Make-up should be one of them, as we see alternating images of Leonardo DiCaprio playing Hoover as a young Justice Department agent while the older, grizzled Hoover dictates his glory days for a book. As he did in The Aviator and Shutter Island, DiCaprio handles period roles and historical heavyweights with precision and ease. His Hoover obsesses over radicals and communist threats to America underneath every rock, and he laments that his Justice colleagues don't seem to understand it. He says people forget "the bombs," what we would call terrorist attacks by Bolsheviks in the early 1900's, before the word "terrorist" entered our lexicon. He finds evidence of subversion in the White House and the civil rights movement. One subplot involves Hoover wiretapping the hotel room of Martin Luther King Junior.

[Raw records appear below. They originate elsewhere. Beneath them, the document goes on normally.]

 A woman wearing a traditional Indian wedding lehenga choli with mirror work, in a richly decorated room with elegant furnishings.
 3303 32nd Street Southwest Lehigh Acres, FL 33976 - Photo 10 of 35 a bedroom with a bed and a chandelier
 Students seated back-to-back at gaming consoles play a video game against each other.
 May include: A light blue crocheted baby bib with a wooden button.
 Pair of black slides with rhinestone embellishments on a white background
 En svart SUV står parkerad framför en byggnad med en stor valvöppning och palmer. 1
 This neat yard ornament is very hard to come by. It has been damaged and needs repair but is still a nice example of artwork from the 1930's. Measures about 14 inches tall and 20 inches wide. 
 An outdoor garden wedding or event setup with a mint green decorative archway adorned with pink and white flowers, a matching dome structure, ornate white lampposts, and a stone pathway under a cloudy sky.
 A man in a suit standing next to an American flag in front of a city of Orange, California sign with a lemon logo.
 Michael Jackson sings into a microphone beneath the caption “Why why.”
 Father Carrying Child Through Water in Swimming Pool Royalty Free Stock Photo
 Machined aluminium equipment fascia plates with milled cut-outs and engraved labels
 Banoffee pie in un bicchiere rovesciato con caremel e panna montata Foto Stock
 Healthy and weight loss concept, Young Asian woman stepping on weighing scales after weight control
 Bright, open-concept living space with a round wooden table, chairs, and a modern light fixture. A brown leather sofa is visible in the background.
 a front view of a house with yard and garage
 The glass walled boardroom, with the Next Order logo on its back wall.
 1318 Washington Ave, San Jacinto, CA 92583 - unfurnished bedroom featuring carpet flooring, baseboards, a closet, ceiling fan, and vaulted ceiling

Information is Hoover's weapon of choice, as he ruthlessly compiles secret files on opponents and dissidents to gather information for leverage while pushing the FBI to develop groundbreaking techniques in forensic analysis. It is hard to imagine a time when police didn't check for fingerprints, let alone DNA, but it's even harder to imagine how sloppily authorities would treat a crime scene. Hoover uses the kidnapping of the Lindbergh baby as his proving grounds, the crime of the century that became the trial of the century, to show how criminals couldn't beat science.
Hoover's personal life is less than triumphant. He hires underqualified agent Clyde Tolson (Hammer), who turns into his chief deputy and lover, a relationship he conducts with strategic secrecy to keep it from ruining him. His secretary Helen Gandy is his right-hand woman, keeping his schedule running and his personal files hidden. And then there's Mother: Annie Hoover (Dench) is not an overbearing figure, but she is the only woman Hoover can relate to. No doubt about it, J. Edgar is a mama's boy.
J. Edgar can drag at points, but overall, Clint Eastwood keeps the story moving while understanding we need additional insight in order to appreciate the complexities and ironies surrounding a man who served six presidents. Dustin Lance Black, who also wrote the biopic Milk, handles Hoover's suspected homosexuality in a discreet manner that one could argue, as former FBI man W. Mark Felt did, that they simply were engaging in brotherly love.
The film does not break new ground as much as it lets us see the world from Hoover's perspective, that of a dedicated public servant who lives and breathes crimefighting and will stop at nothing to keep Americans safe.